> DIRECTIONS FOR THIS TASK: Output, exactly as written, the lines below starting at the line containing "Carlisle FoodService Products" and ending at the line containing "Lorelli Baby-Bettwäsche 7-teiliges". Drop the pictures and keep both end lines.
▬▬▬
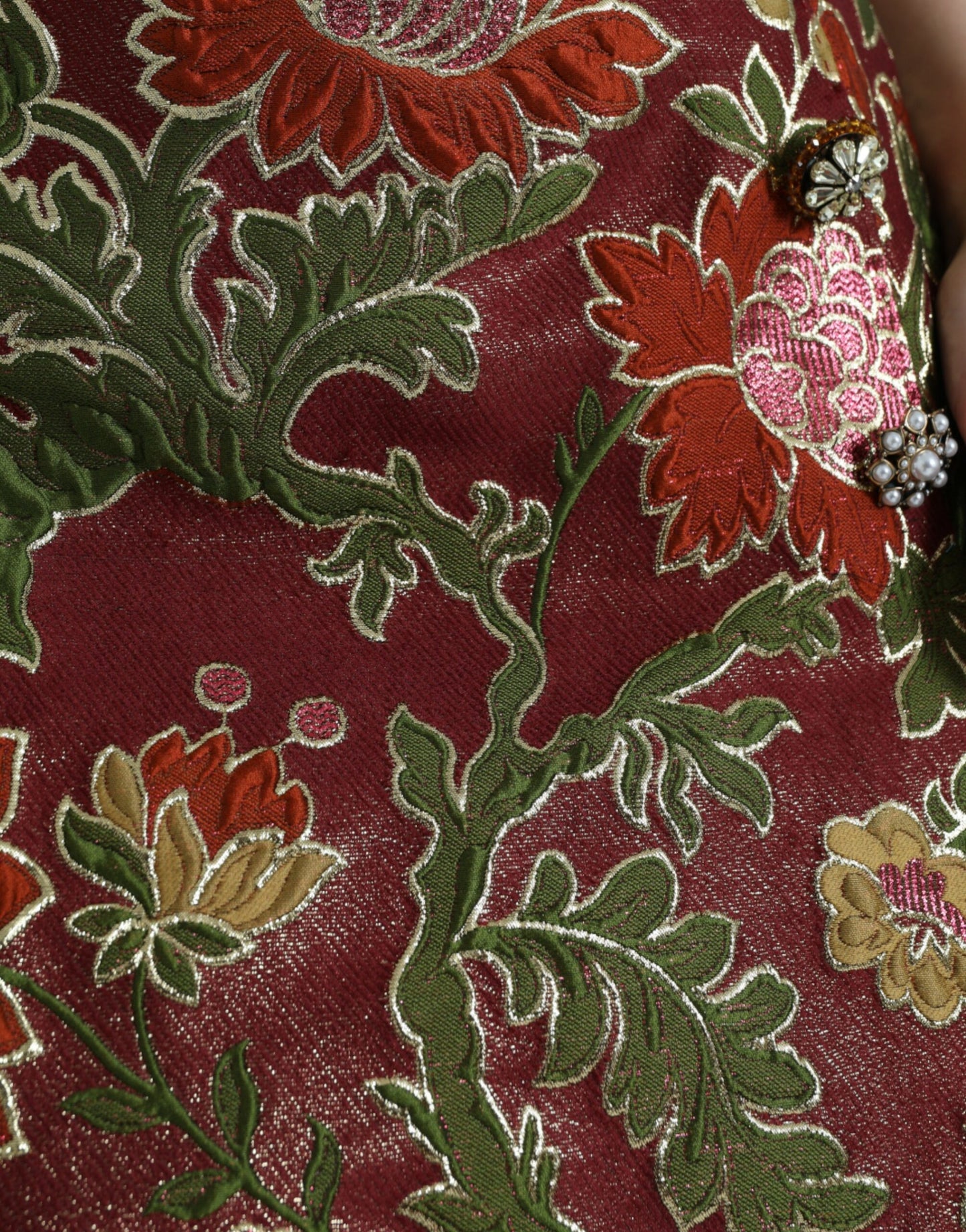 Dolce &amp; Gabbana – Kastanienbrauner Minirock aus Jacquard mit Blumenmuster in A-Linie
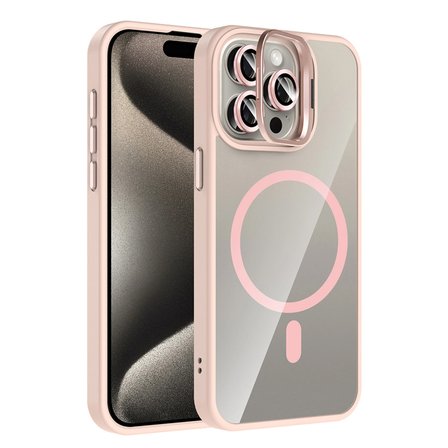MEPA Najmaddin Joko  İphone 14 Pro Max Remim Lensli Magsafe Standlı Kapak - Pembe Najmaddin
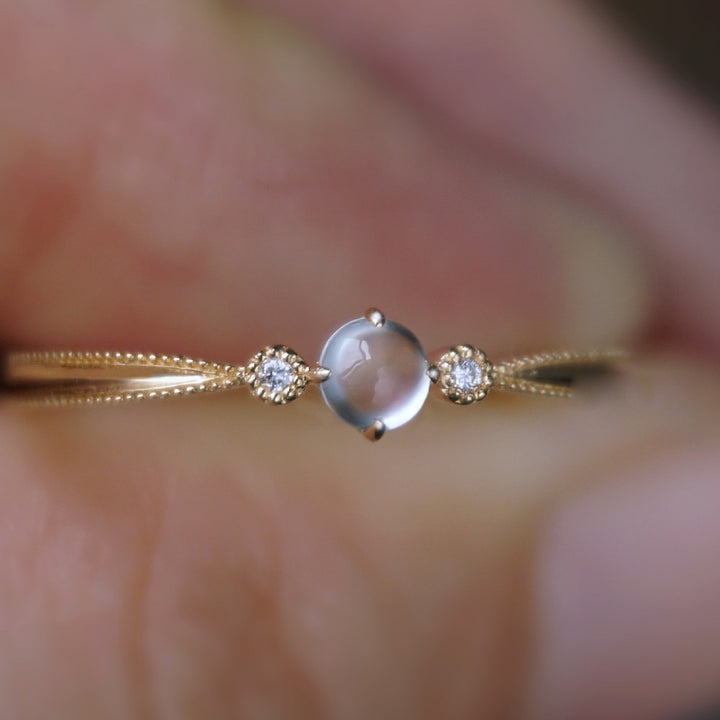 Olivenorma Moonstone Cabochon Inlaid White Zircon Simple Ring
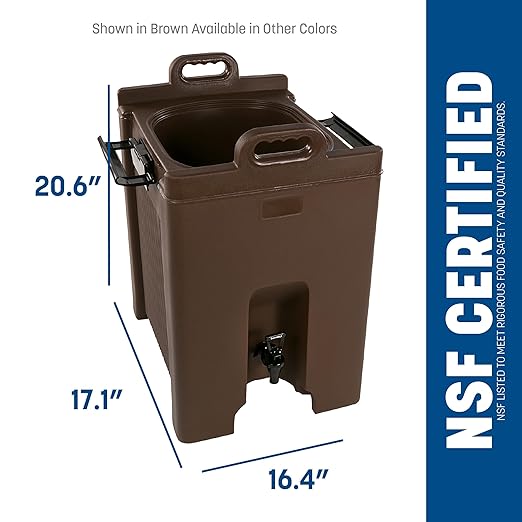 Carlisle FoodService Products Cateraide Insulated Beverage Dispenser with Handles for Catering, Kitchen, and Restaurants, Plastic, 10 Gallons, Black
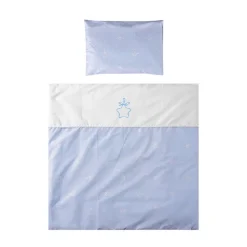 Lorelli Baby-Bettwäsche 7-teiliges Set First Dreams Decke Kissen Laken Himmel blau Bär grau Sale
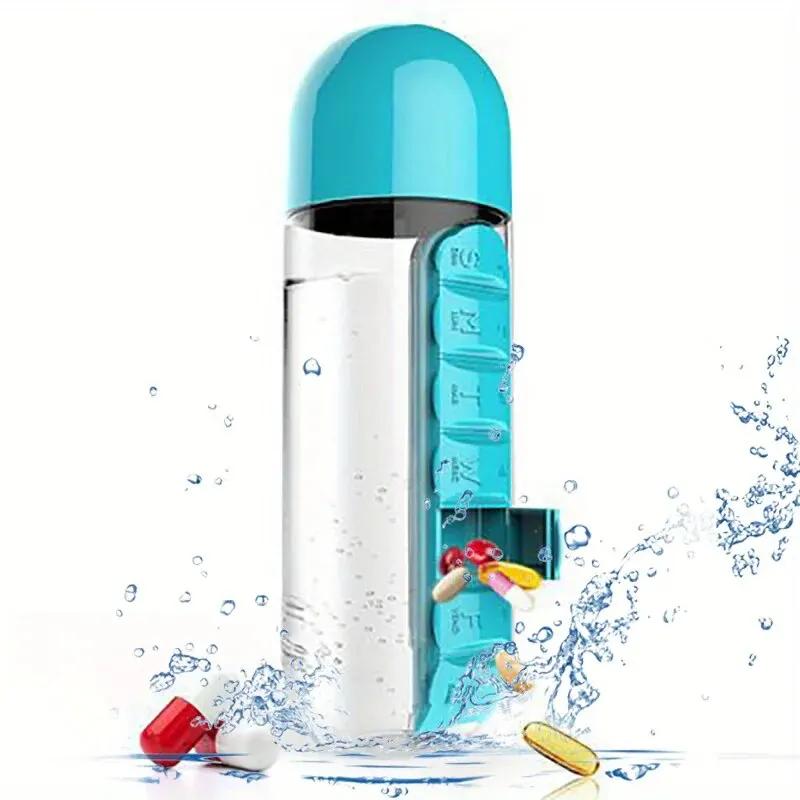 Multi Functional 2-in-1 Water Cup Medicine Box, 7-day Medicine Box, Outdoor Portable Water Bottle Medicine Box Cup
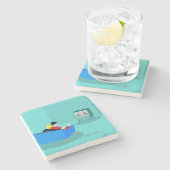 Retro Gay Couple Watching TV Stone Untersetzer (Seitenansicht)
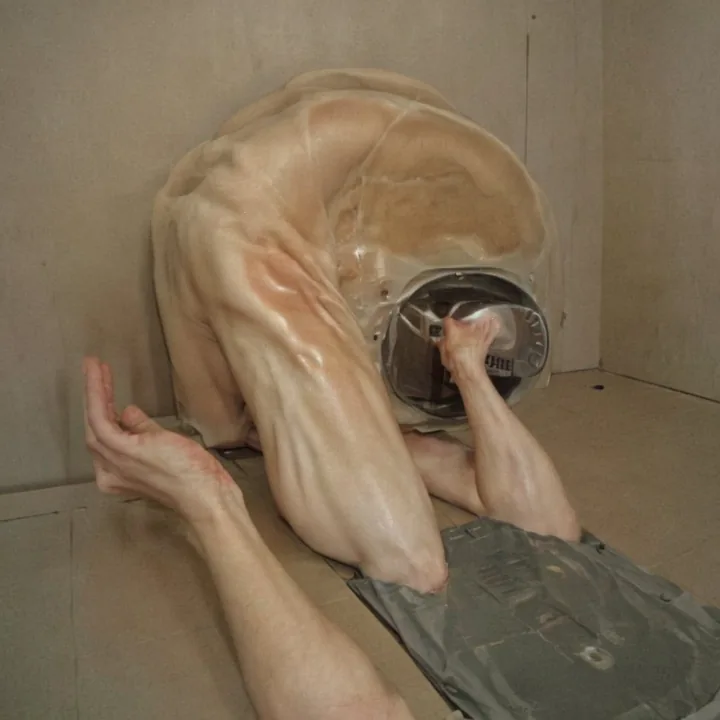 A hairless, waxy human figure kneels curled forward into the corner of a bare room, head pressed into a chrome porthole-like fixture set low in the wall. The skin is translucent and veined, the limbs elongated; a folded grey cloth lies under the body. Harsh even light, clinical and airless.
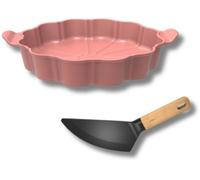 COOKUT, Le Formidable Plat à Tarte avec coupe tarte - dimension 29 cm - couleur Guimauve (Rose)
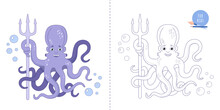 Coloring Page For Childrens And Adults. Cute Purple Octopus With A Trident For A Coloring Book. Vector Illustration In A Flat Style.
▬▬▬
> FINISHED EXERCISE:
 Carlisle FoodService Products Cateraide Insulated Beverage Dispenser with Handles for Catering, Kitchen, and Restaurants, Plastic, 10 Gallons, Black
 Lorelli Baby-Bettwäsche 7-teiliges Set First Dreams Decke Kissen Laken Himmel blau Bär grau Sale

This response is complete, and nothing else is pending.